Como todo el mundo sabe, uno no es nadie en este valle de lágrimas si no destroza una habitación de hotel ni monta un pollo de calibre en la clase business de un vuelo regular. Por este último motivo ha saltado recientemente a los medios biempensantes el nombre de la gran Ivana Trump. Y es que parece ser que hace unos días, y ante el escándalo ocasionado por los lloros de unos tiernos infantes, la oxigenada socialite armó tal pifostio en un avión que tuvo que ser sacada a la fuerza del aparato por los responsables del aeropuerto de Palm Beach. No seré yo -que albergo hacia los párvulos la misma estima que Herodes- quien tire la primera piedra: ya me dirán qué es esta nadería al lado del carisma de la checoamericana, de lejos, la más vivida de las de su gremio -rabia, Hilton-. A su aún fresca entrevista en DEC me remito: en casa la coreamos lambrusco en mano.
La Trump -madre, para los no iniciados, de la deliciosa Ivanka- forma parte del internacional y selecto club de primeras esposas que, tras ser despreciadas por sus maridos en favor de otras más jóvenes, optaron por devolverles el golpe donde más les duele: en el bolsillo. Tras pillar al travieso Donald con las manos en la masa de la modelo Marla Maples -¿quién la recuerda hoy?-, Ivana puso en práctica su vendetta en el acuerdo de divorcio bajo su conocida máxima del No te enfades: quítaselo todo. A fe que lo intentó, y casi lo consigue.

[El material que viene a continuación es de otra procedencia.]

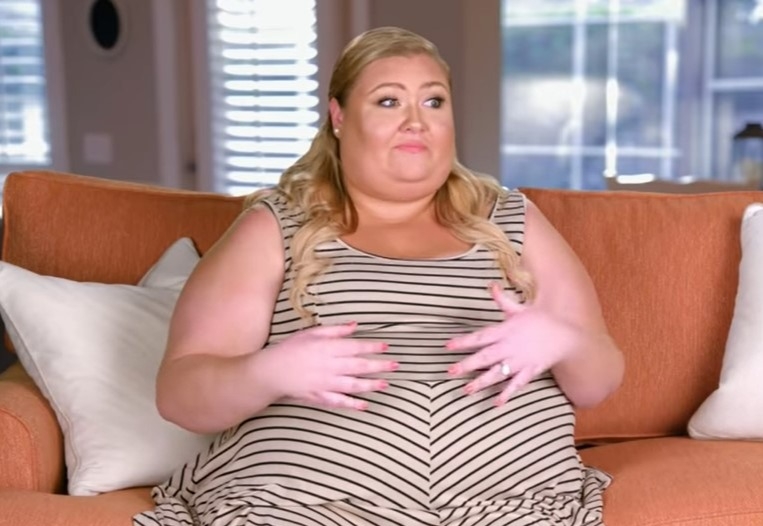 35歲的Kristin一直深受肥胖症困擾，最胖時更是達到322磅。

Su ex, desde entonces, ha ido coleccionando rubias clónicas a las que cambia cada 15 años. Fiel a su histrionismo, presentó en la NBC el reality The Apprentice -parcamente remedado en La Sexta por el sosainas de Luis Bassat-. A imagen de Iñaki Anasagasti o Luis Ortiz, el impagable magnate estadounidense lleva decenios tratando de ocultar su calvicie con delirantes peinados-ensaimada, agravados en los últimos años con absurdos tintes pseudopelirrojos. Genio y figura.

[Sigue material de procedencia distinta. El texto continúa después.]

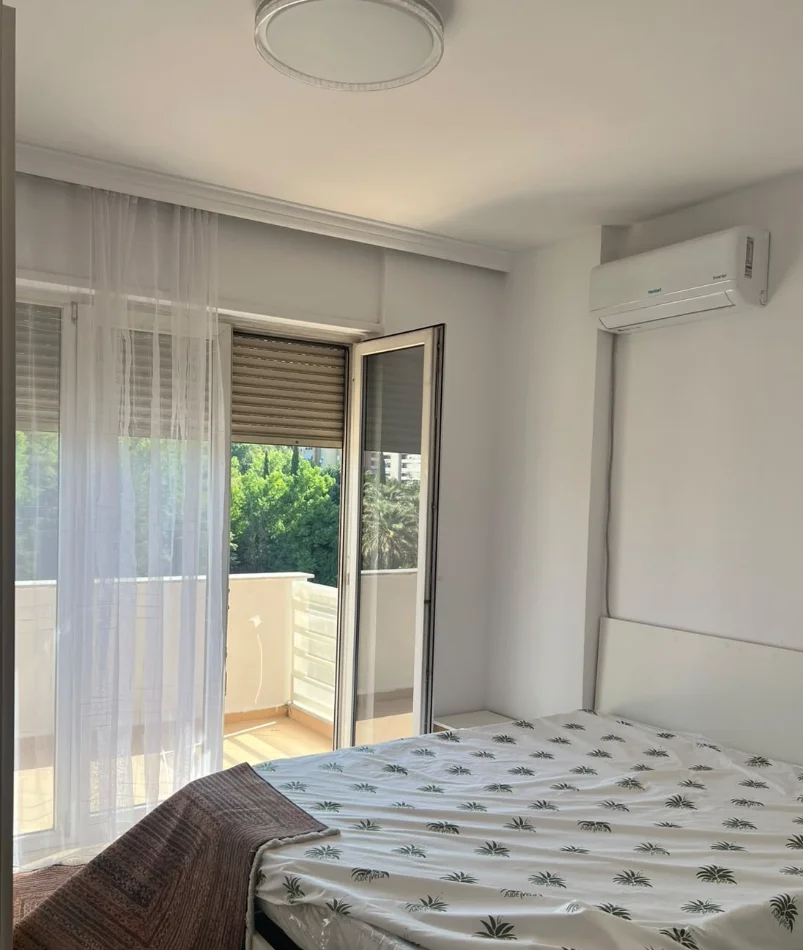 Tirane, jepet me qera apartament 1+1 , 70 m² 600 €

Si algún connaisseur aficionado a los viajes quiere imbuirse por unas horas del auténtico espíritu Trump, le recomiendo que, a su paso por Nueva York, recale en el 725 de la Quinta Avenida, frente a Central Park. Ante sus ojos aparecerá un macarrónico edificio de cristal que resume la esencia del imperio creado por Donald e Ivana. Desde mi primera visita en el lejano 1993, la Trump Tower es una de mis debilidades. Sin moverse del hall, el aficionado puede adquirir desde un café de Starbucks a un juego de mesa basado en la vida del casero. A modo de souvenir, se ofrecen también pequeños lingotes dorados -de plástico- con el nombre del propietario.
Las Galeries Lafayette, en el primer piso, hace años que cerraron, quién sabe si por miedo a contagiarse del aroma camp tan caro al entorno. Los franceses, ya se sabe: les encanta hacerse los estupendos. Ellos, relamidos, se lo perderán.